Near the time of birth, the ovaries of mice and humans contain an abundant supply of eggs that will be released from follicles during ovulation each menstrual cycle. At the birth of the baby, she will possess a large reserve of primordial follicles that contain a single egg surrounded by supporting follicle cells. Evidence of new follicle production is absent after birth. Therefore, it has long been thought that the supply of follicles is fixed at birth and eventually is exhausted at menopause.
During the last decade, researchers have found primordial follicles in adult mouse ovaries that turn over and claimed that adult germ-line stem cells constantly resupply the follicle pool and sustain ovulation. These claims were based on observations of ovarian tissue and one the behavior of extremely rare ovarian cells after these cells were cultured for some time in the laboratory. Such criteria are subjective, especially in light of the fact that culturing cells for long periods of time in the laboratory can effectively reprogram them.
At Carnegie, Lei Lei and Allan Spradling used a technique that tracks individual cells and their progeny within living tissue over a specific time course. The cells are marked with a gene, and this gene is inherited by the progeny of that cell, thus allowing the careful tracking of all the progeny of that cell or those cells. This technique is called “lineage tracking” and it is a very popular technique in developmental and cell biology.

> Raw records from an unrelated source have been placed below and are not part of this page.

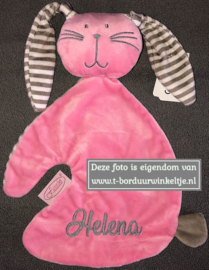 Kroeldoek Roze konijn Knuf geborduurd met naam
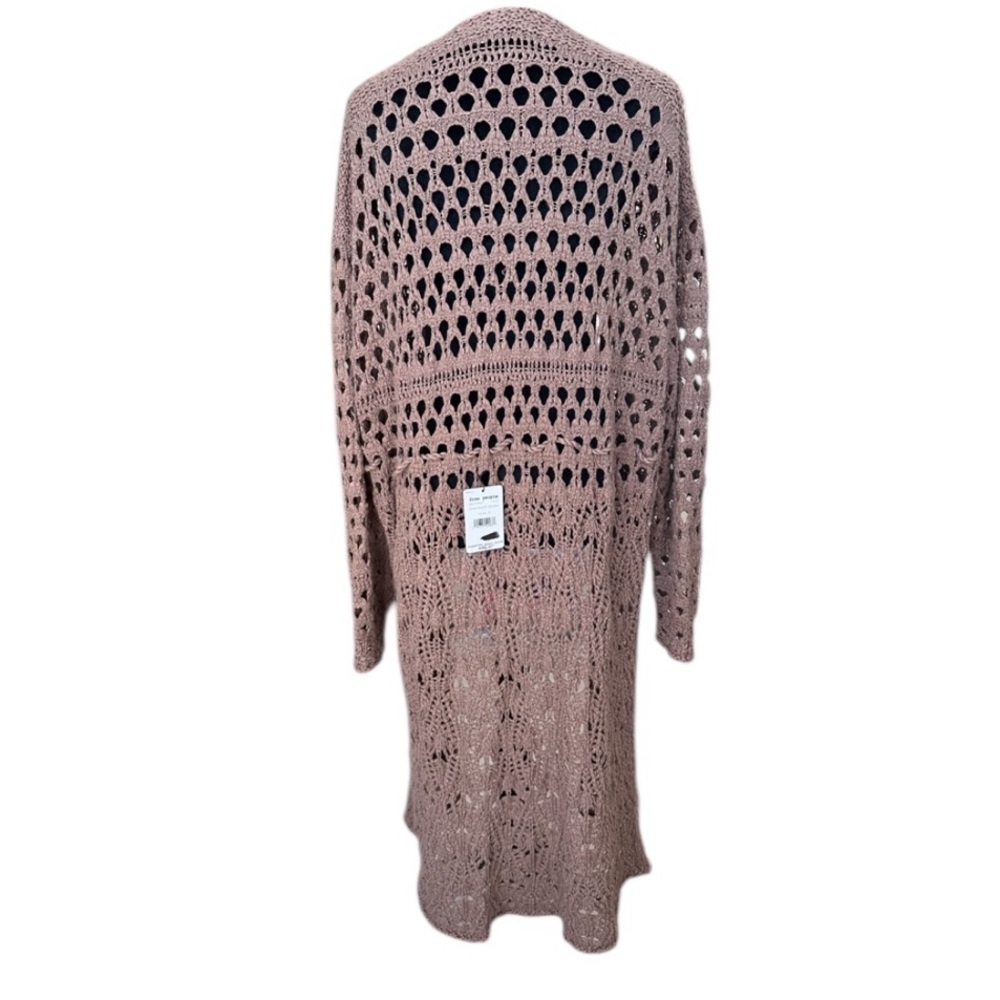 Free People Mauve Open-Knit Long Cardigan – Boardwalk Brown – Size Small (NWT) - Picture 2 of 12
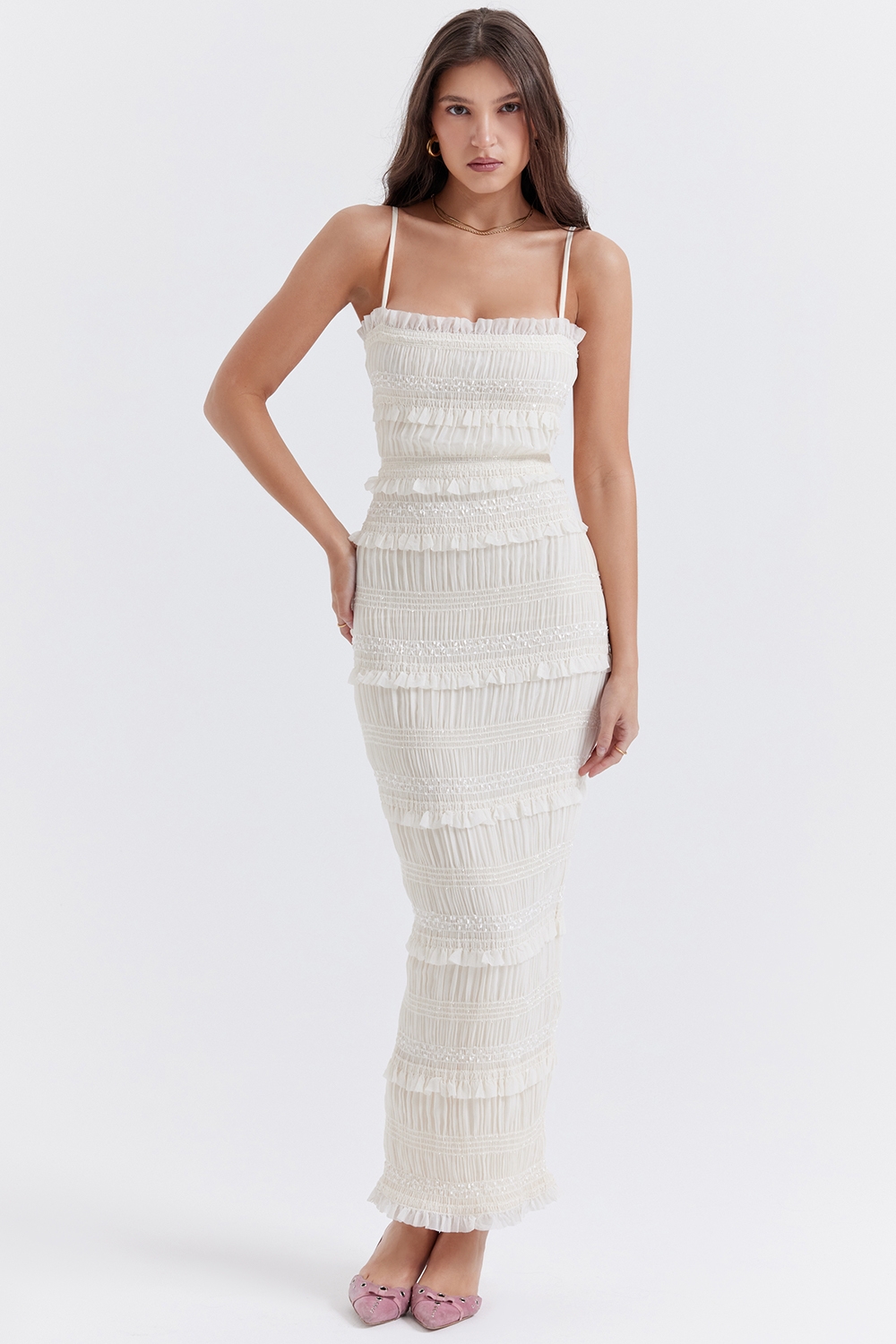 Solana, Ivory Sequin Pleat Maxi Dress - SALE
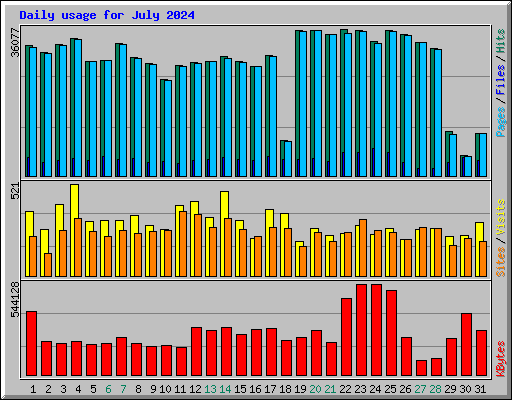 Daily usage for July 2024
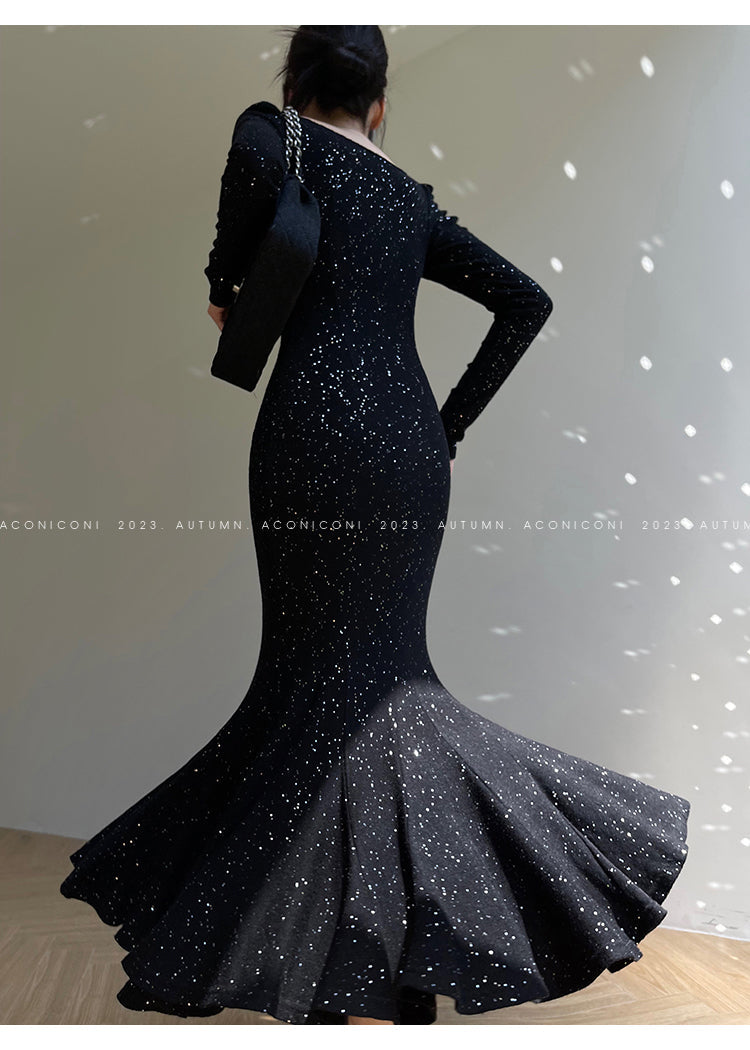 Aconiconi| Mermaid minimal sequin knitted sweater dress - Cace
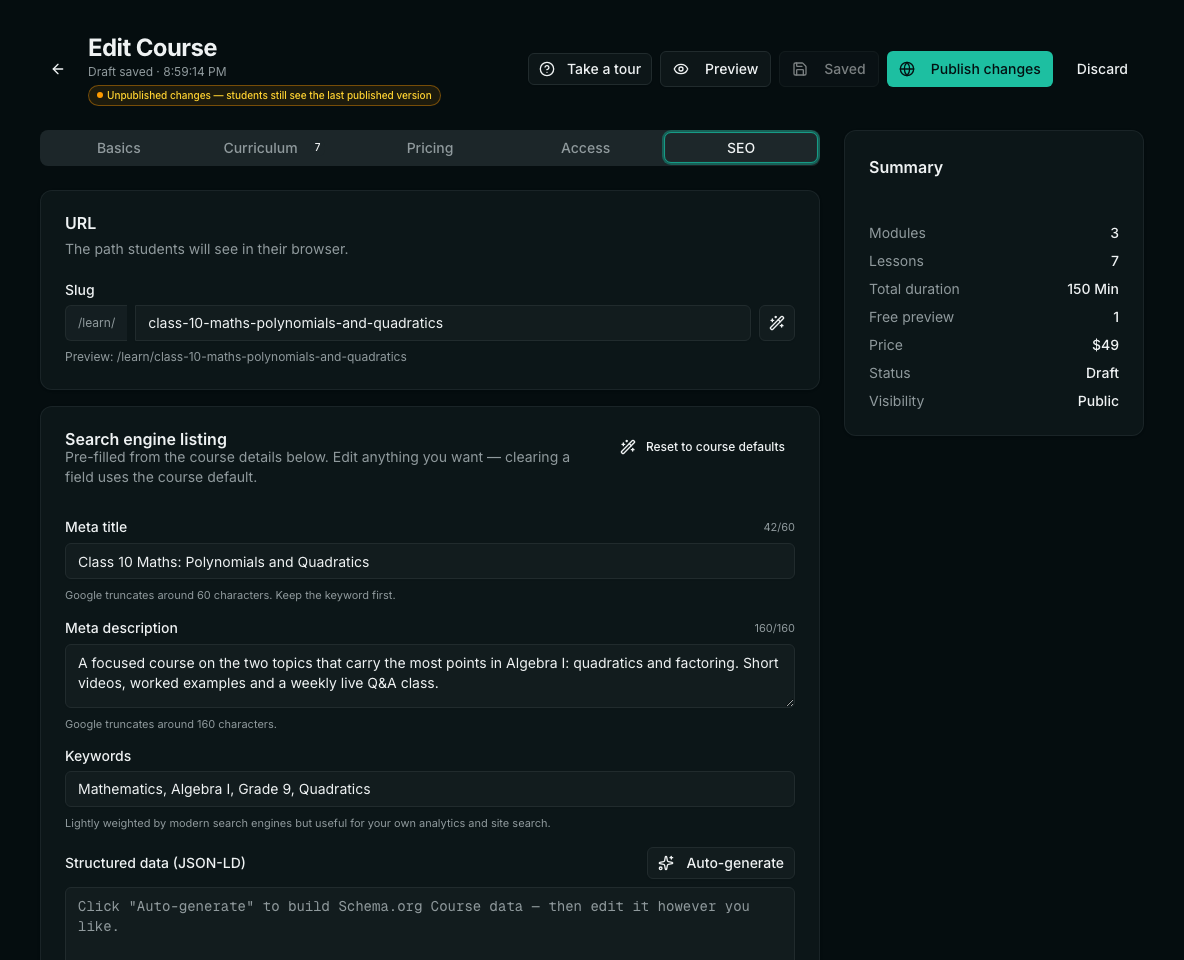 The SEO tab: the course URL slug, meta title and meta description with character counters, keywords and structured data.
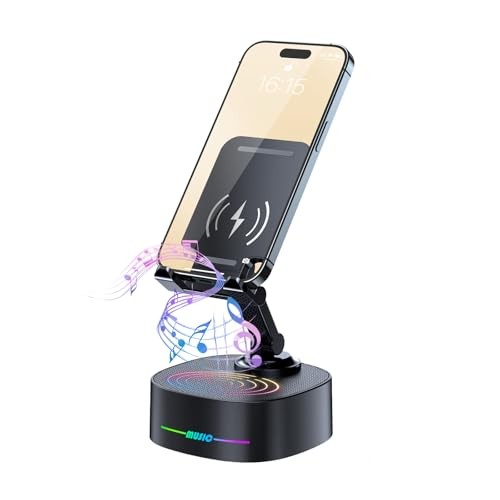 Bluetooth Speaker with Wireless Charging and Cell Phone Stand,Best Black - Photo 2 sur 7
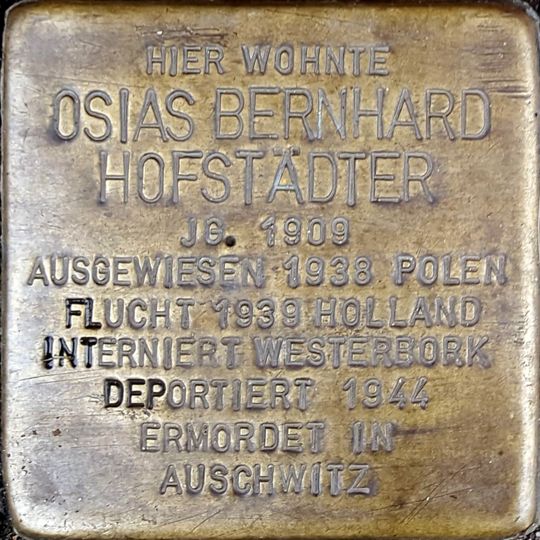 Stolperstein en memoria de Osias Bernhard Hofstädter
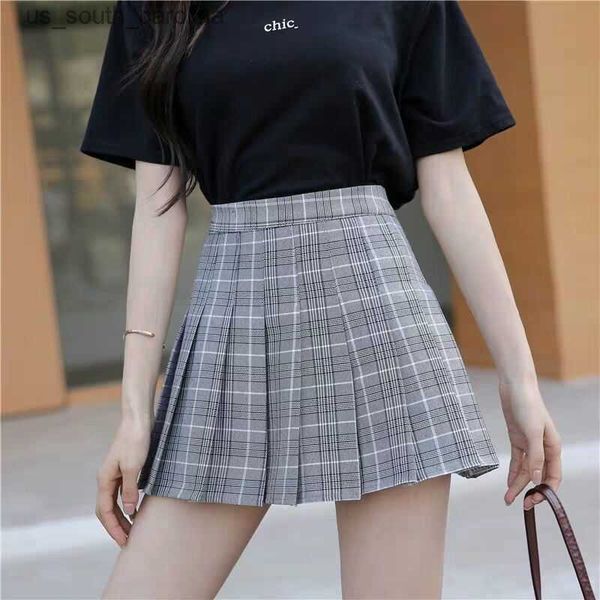 

summer women plaid print skirt casual high waist student pleated skirts harajuku cute sweet girls mini skirt dance feminina l230522, Black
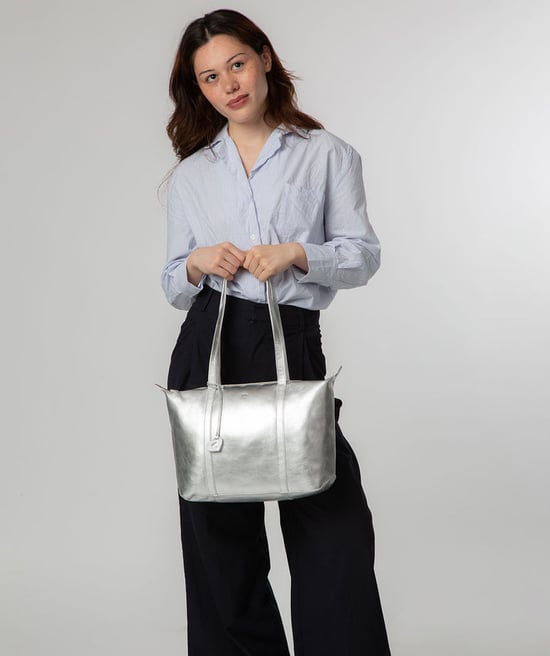 'Leonor' Metallic Silver Leather Tote Bag - Image 1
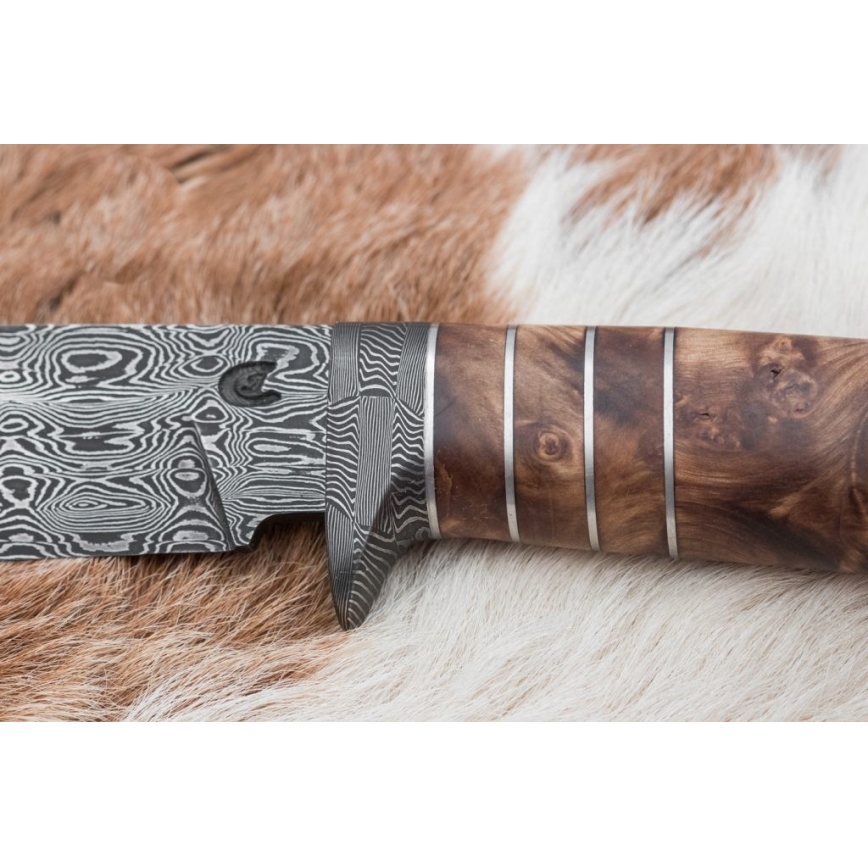 Exclusief Damascus-mes 14,4 cm kastanjeboom/mammoet tand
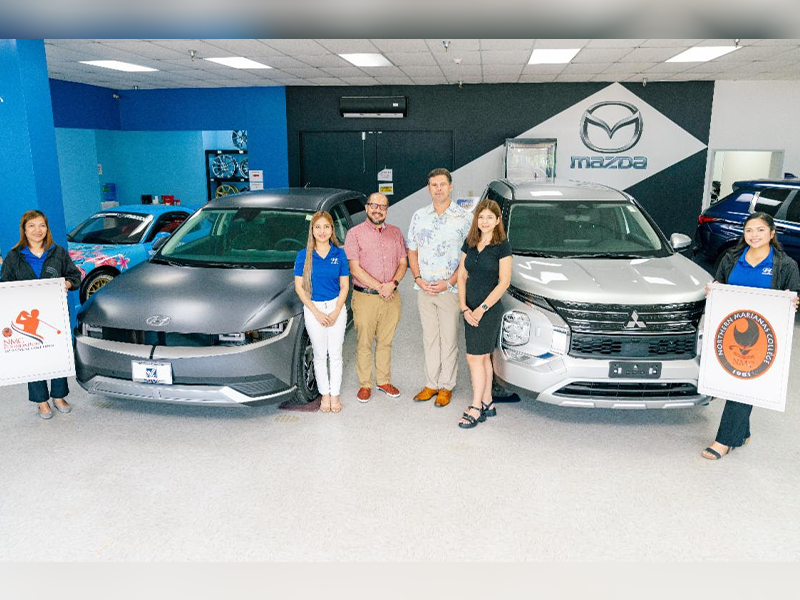 Triple J Motors Saipan recently announced that it will be offering a brand new 2023 Hyundai IONIQ 5 SEL with Navigation and AWD and a brand new 2023 Mitsubishi Outlander as hole-in-one prizes for NMC Foundation’s upcoming Golf Open on March 18 and 19, 2023. In photo with NMC President Galvin Deleon Guerrero, EdD is Triple J Motors General Manager Sean Ficke and Triple J Motors staff. 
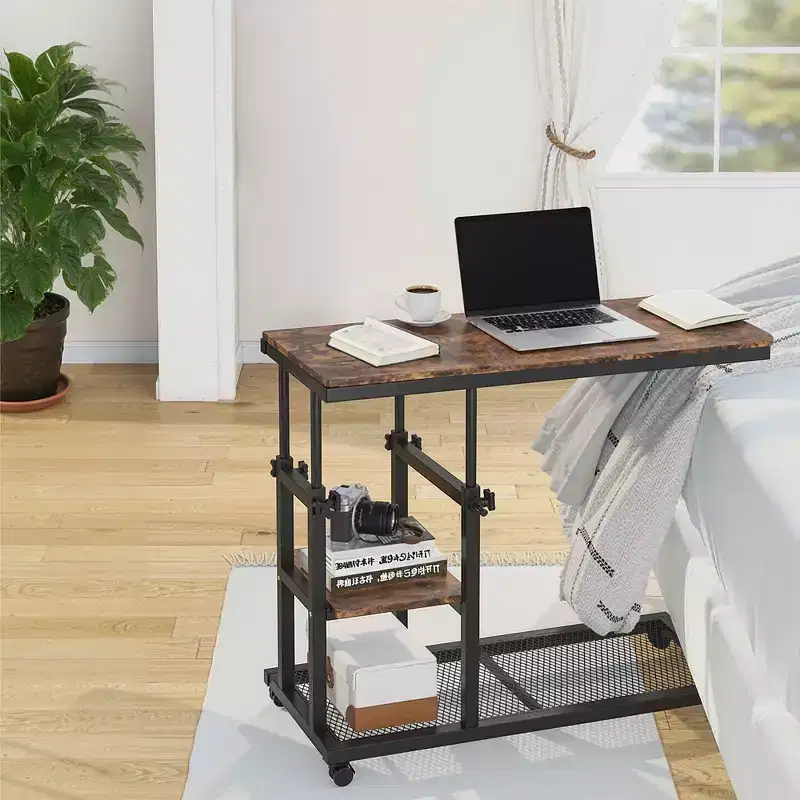 MAYEERTY Mobile C End Table, 26-34.5 Height Adjustable Couch Snack Table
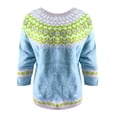 thumbnail image 4 of Isle Sweater Top Crew Neck Merino Wool Seamless Sweater Boho Pattern Pullover Knitted Pullover Pullover Sweater Lightweight Knit Basic Sweater Tops Sweaters for Women Cable Knit Sky Blue XXL, 4 of 4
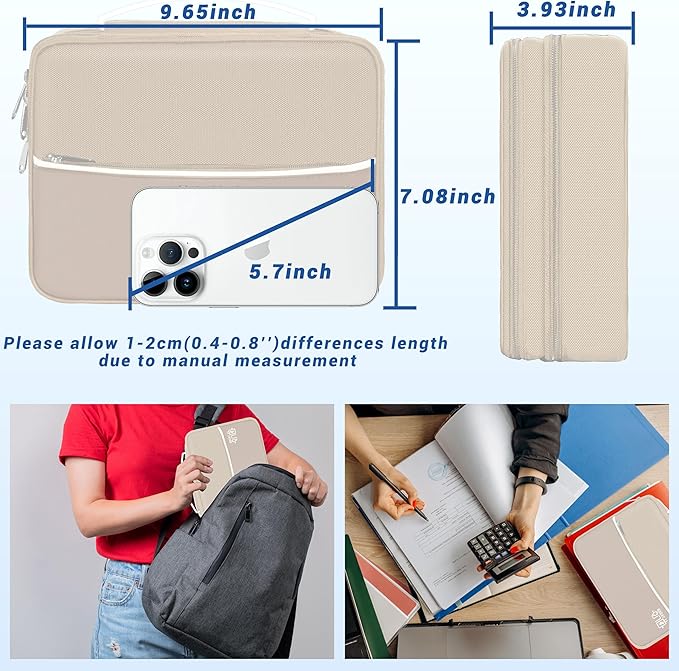 Miavers Electronics Organizer,Travel Cord Organizer Pouch, Portable Cable Organizer Bags, Waterproof Electronic Accessories Storage Case for Cables, Cords, Charger, Phone (Double Layer-Beige)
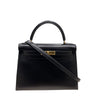 HERMES 愛馬仕 KELLY 28 凱莉包 BOX皮 外縫 黑色 金釦
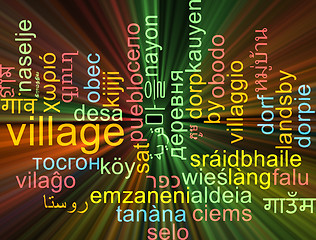 Image showing Village multilanguage wordcloud background concept glowing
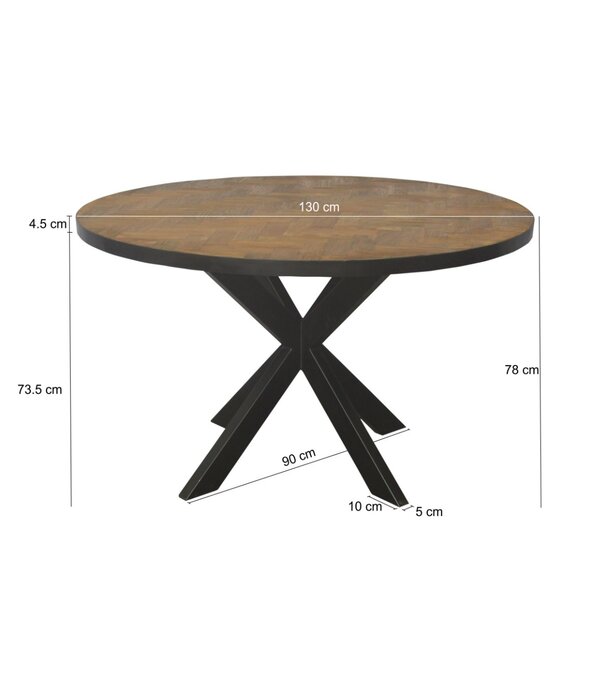 Duverger® Teaked - Eettafel - rond - 130cm - teakhout - Spiderpoot - gecoat staal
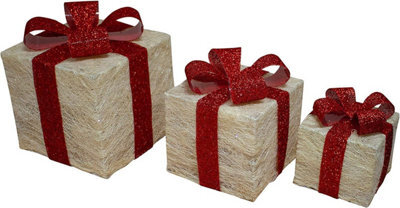 Shatchi Christmas Parcels Pre-Lit Battery Operated Led Glitter Rattan Xmas Presents Novelty Decorations Set Of 3 - Cream - image 1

By subjecting primordial follicles to lineage tracking, Lei and Spradling showed that germ-line stem cell activity cannot be detected in mice. Furthermore, primordial follicles are stable, and even if half the existing follicles die off, no germ-line stem cell activity is detectable. This research does not prove that there are no germ-line stem cell divisions within the ovary of the mouse, but it does place an upper limit on the divisions of the germ-line stem cell population of one division every two weeks at the most, which is biologically insignificant.
What then can be said about the germ-line stem cell cultures isolated in the laboratory? According to Alan Spradling, the cells “likely arise by dedifferentiation in culture,” and “the same safety and reliability concerns would apply as to any laboratory-generated cell type that lacks a normal counterpart” in the body.
This should be a warning to those conclusions that are solely derived from experiments conducted in culture alone and not in a living creature as well.